→ Supplied material
□ □ □ □ □ □ □

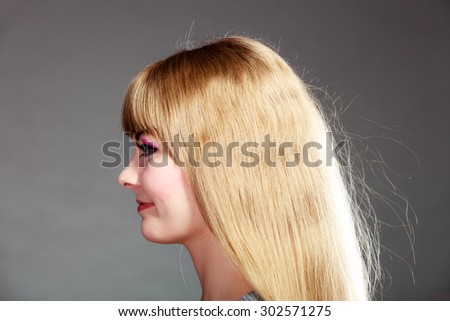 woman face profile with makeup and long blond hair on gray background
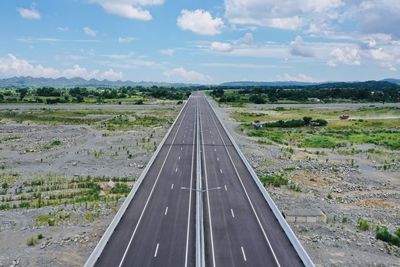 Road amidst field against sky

□ □ □ □ □ □ □

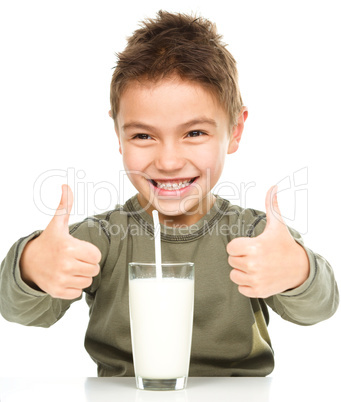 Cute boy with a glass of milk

□ □ □ □ □ □ □

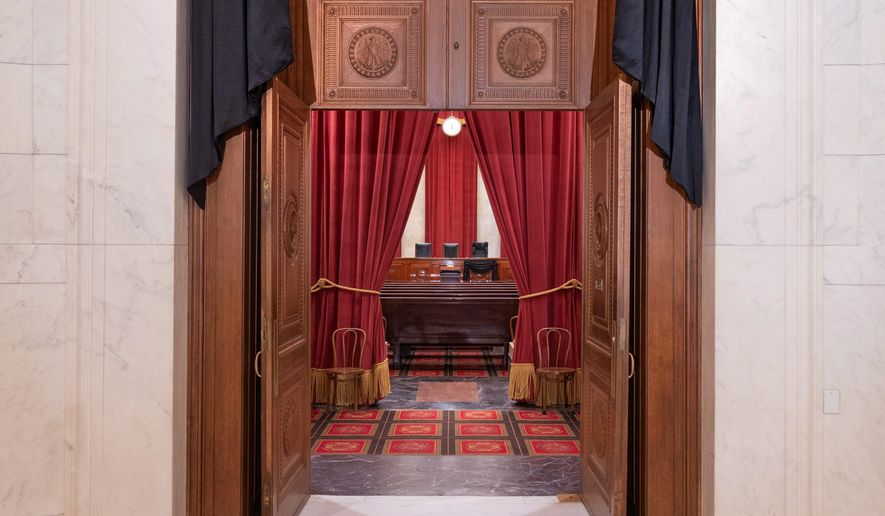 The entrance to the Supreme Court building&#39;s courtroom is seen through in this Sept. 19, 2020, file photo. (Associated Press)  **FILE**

□ □ □ □ □ □ □

→ Task statement
Reproduce, exactly and only, the lines of the records above starting at the line with "woman face profile" and ending at the line with "Road amidst field against sky", both included. Leave every picture out.

→ Exercise response
 woman face profile with makeup and long blond hair on gray background
 Road amidst field against sky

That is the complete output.